Además de un componente ideológico, el inmovilismo del gobierno tiene una motivación estratégica clara. El uso de problemas identitarios o de valores para dividir posibles coaliciones que apoyan políticas redistributivas es un tema clásico en el análisis político. La cruz y la bandera son armas tradicionales de los partidos conservadores para fragmentar alianzas a favor de políticas económicas de izquierda. Junto al aborto, la sacralización constitucional aparta el eje de la competición política de la dimensión económica y ayuda a desviar el foco de una "recuperación" inapreciable en la economía real. Además, pone al PSOE ante un dilema envenenado que agrava su delicada situación interna, como demuestran las tensiones entre sus ramas andaluza y catalana, y expone la fragilidad de su liderazgo como alternativa. Los esfuerzos, reales, del PSOE por ofrecer una alternativa económica se pierden en medio de conflictos de valores y banderas. Y, mientras, paso a paso, se socava cualquier política que amenace un sistema (al que desgraciadamente el PSOE tampoco es totalmente ajeno) que sacrifica la inversión a costa de políticas de consumo con claras motivaciones clientelares.
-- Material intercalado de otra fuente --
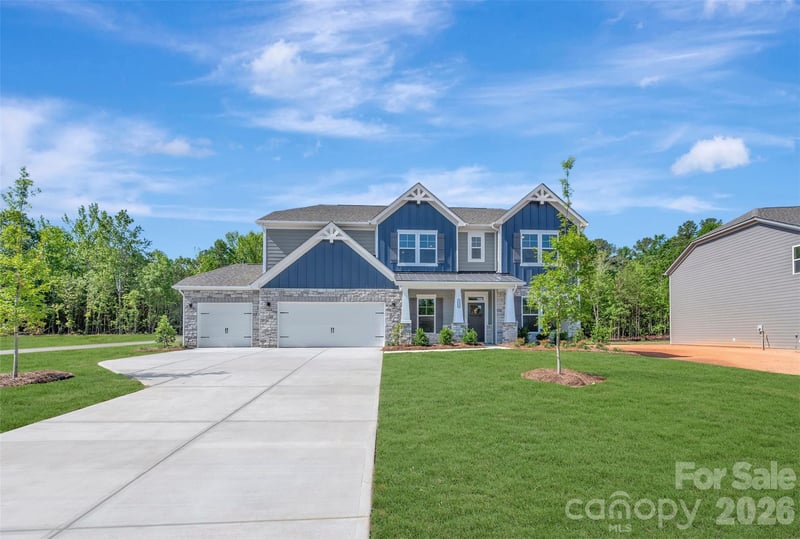 211 Amber Glen Dr, Locust, NC 28217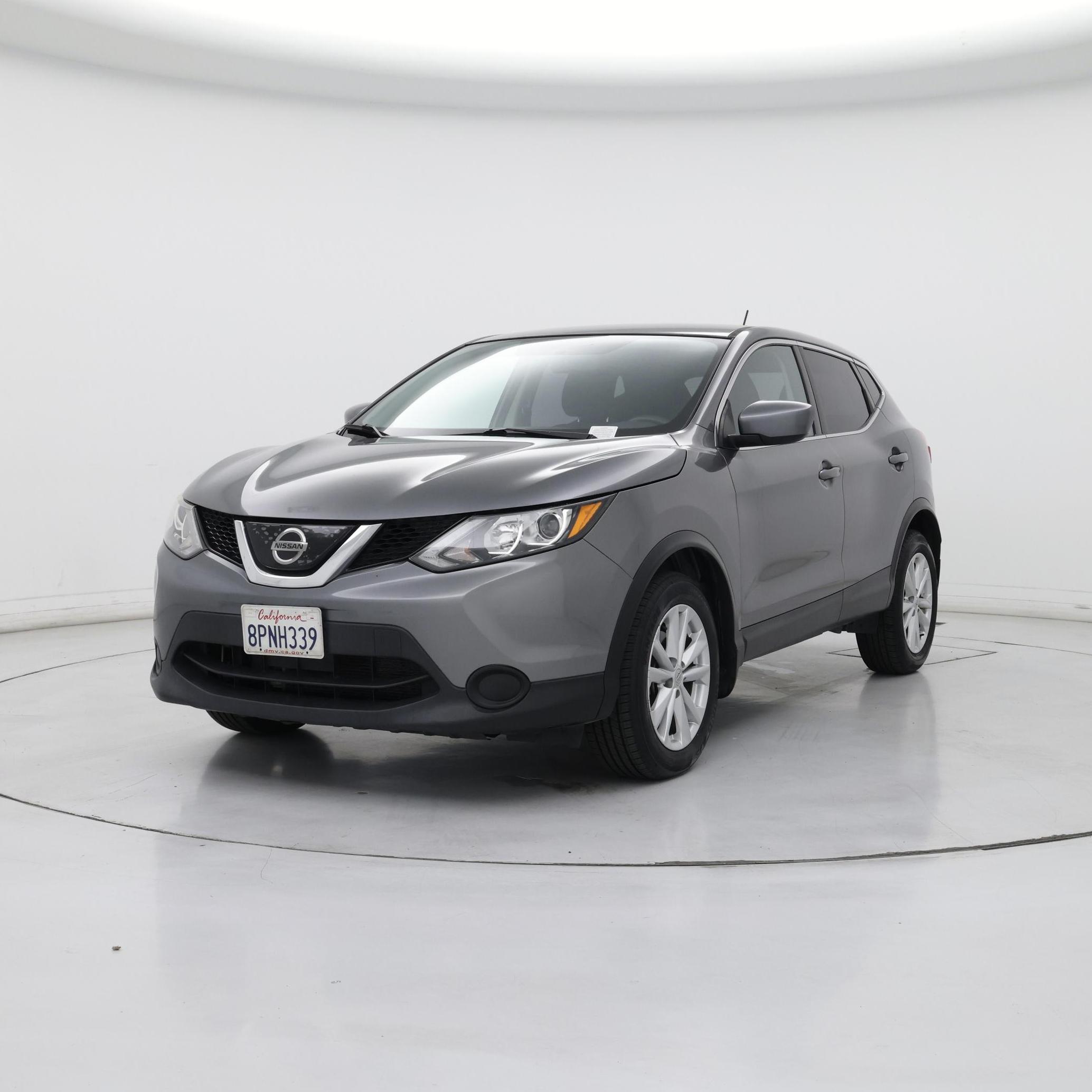 Thumbnail: 2018 Nissan Rogue Sport - 4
Stephen Dedalus, el artista adolescente de Joyce, se refirió a Irlanda como una puerca que devora a su propia camada (“Ireland is the old sow that eats her farrow”). La imagen vuelve a la cabeza al analizar la España de hoy. Parapetado en su inmovilismo constitucional y en la defensa de los no-nacidos, el gobierno legisla para proteger su hegemonía entre votantes y sectores poco interesados en una estrategia económica alternativa. Contribuye así a perpetuar una situación donde los beneficiarios del exceso de consumo a costa de la inversión seguirán devorando el futuro de sus hijos. A la luz de sus muchos esfuerzos por privarles de formación y oportunidades, la preocupación del gobierno por los derechos de los no nacidos constituye una inquietante paradoja. Los jóvenes huyen de la política y, si pueden, emigran mientras la puerca sonríe empachada, envuelta en su bandera.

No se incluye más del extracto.